Voting to elect eight members of the Lebanese parliament took place in the Mount Lebanon I district (one of four electoral districts in the Mount Lebanon region) on 6 May 2018, part of the general election of that year. The constituency had 176,818 registered voters, out of whom 115,619 voted.

Demographics 
The electorate is predominantly Christian; Maronites make up 75.4% of the electorate, 10.4% Shia, 4.1% Greek Orthodox, 3.6% Greek Catholic, 1.9% Sunni and 4% other Christian communities.

Voting 
In Byblos-Kesrwan electoral district 5 lists were registered. The lists in the fray are the "Strong Lebanon" (supported by Free Patriotic Movement), the "National Solidarity" (Hezbollah), the "Anna al-Qarar" list (alliance between Kataeb Party, Fares Souhaid, Farid Heikal Khazen and independents, supported by Marada Movement, the "Clear Change" list (supported by Lebanese Forces) and the "Kulluna Watani" (We are all National) list.

In difference with previous elections, FPM and Hezbollah did not join forces on a common list.

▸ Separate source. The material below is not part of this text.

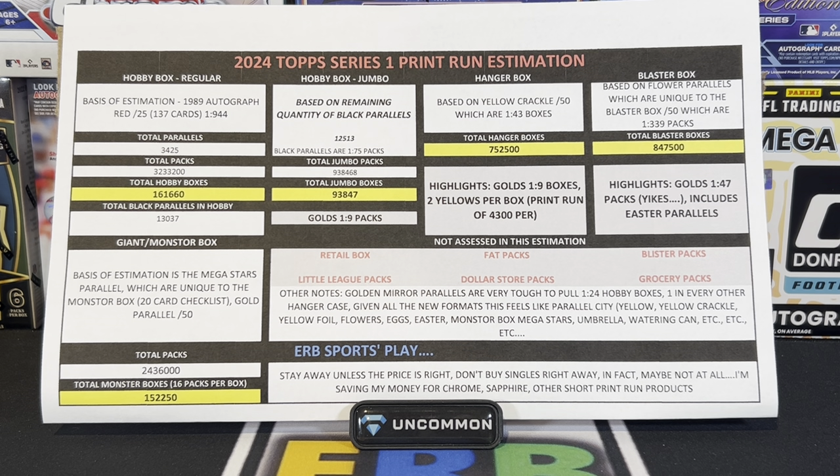But this is a Series 1 print run video, so other notes. Golden Mirror Parallels, as you guys can see there on the bottom, are going to be very, very tough to pull. They were a little bit easier in update but extremely tough to pull last year. It's going to cost you one in every 24 hobby boxes to pull one Golden Mirror Parallel, and two hanger cases to pull one Golden Mirror Parallel. Most other formats have the potential to pull them but they're going to be darn near impossible. Given that all new formats exist with unique parallels — Yellow, Yellow Crackle, Yellow Foil, Flowers, Eggs, Easter, Monster Box Mega Stars, Umbrellas, Watering Cans, etc. — they're just inventing names now. I never thought I would see the day where we'd have a watering can parallel, but we do.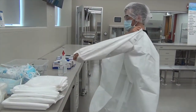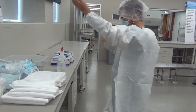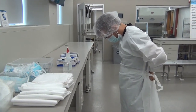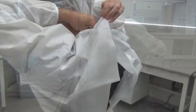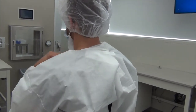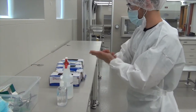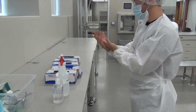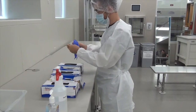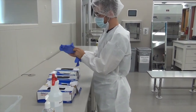Walk back over to the table and go ahead and put on your gown. Make sure that the back is properly fastened and tied. Go ahead and use hand sanitizer to sterilize your hands and then put on your gloves. Make sure your hands have dried before you attempt to put the gloves on.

Hezbollah fielded its own list, with a Shia candidate (Hussein Zuaitar) from Baalbek. The Alliance National list included the former Telecommunications Minister Jean Louis Cardahi and dissident FPM politician Bassam Hachem, Hezbollah candidate and 4 other independents.

The FPM list was led by General Chamel Roukoz, with World Maronite Foundation president Neemat Frem, former minister Ziad Baroud and former parliamentarian Mansour al-Bon, amongst others.

The Kataeb-Souhaid supported list sought to include personalities from civil society. It included former National Bloc general secretary Jean Hawat. There was resistance from Kataeb side to field incumbent parliamentarians Youssef Khalil and Gilberte Zouein, since they were linked to the Change and Reform Bloc.

The "Kulluna Watani" (We are all National) list included former minister Youssef Salame.